La facciata presenta due piani distinti da una cornice marciapiano; il portale d’ingresso dell’edificio dà l’impressione di essere una sorta di arco di trionfo, ricco, ma allo stesso tempo sobrio. Il portale Catalano, con arco depresso inquadrato entro una cornice rettangolare, è caratteristico dell’arte meridionale soprattutto napoletana abruzzese e pugliese e non in Spagna né tanto meno in Catalogna. Per questo viene considerato come una particolare elaborazione tra l’arte tardogotica e toscana, specialmente senese, la sua peculiarità è sottolineata dall’effetto chiaroscurale che si ripercuote sulla superficie liscia, della parete di fondo.
L’insieme della facciata di palazzo Vulpano ricorda le case del Rinascimento napoletano e fiorentino, questo non meraviglia perchè è noto che gli stili artistici giungono in provincia con ritardo rispetto alle città dove lavorano i grandi architetti.
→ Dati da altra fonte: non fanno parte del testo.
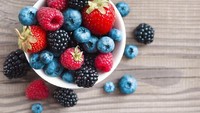 Terlihat sehat dan bugar dalam usianya yang tak lagi muda, Ratu selalu mengkonsumsi berbagai buah segar dari halaman belakangnya. Strawberry, raspberry, gooseberry, adalah jenis buah favoritnya. Foto: iStock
All’interno del palazzo, sul cortile quadrato, si presenta una loggia decorata dal bassorilievo ispirato al gusto fiorentino rinascimentale e concepito con rigido criterio allegorico-didascalico, probabilmente con l’intenzione di esaltare le doti civiche e morali della famiglia Vulpano. Sull’arco centrale è scolpito lo stemma della famiglia. In altorilievo, tra gli spazi interconnessi tra gli archi e la loggia, sono raffigurati quattro volti femminili, probabilmente le quattro virtù cardinali. Il loggiato è distinto in due parti. Quella inferiore, al centro mostra i fondatori: Leucio e Giovan-Pasquale, ai lati personaggi e scene del mito di Orfeo. In quella superiore al centro è nuovamente scolpito lo stemma della famiglia, mentre ai lati troviamo Scipione l’Africano e Annibale, e agli estremi Cesare Augusto e Federico II di Svevia. Circa l’autore di tale opera possiamo dire che il Carabellese la ritiene opera di un artista toscano eseguita da maestranze locali; in effetti, i medaglioni ad altorilievo ricordano le fabbrica dell’Ospedale Maggiore di Milano, attribuita al Filarete, toscano per l’appunto, come di spirito toscano sono gli elementi architettonici, le cornici, lo zoccolo della facciata, i capitelli di Palazzo Vulpano.

La scalinata porta al piano nobile di cui si può scorgere la loggia; le volte sono a crociera abbellite con stucchi di epoca successiva.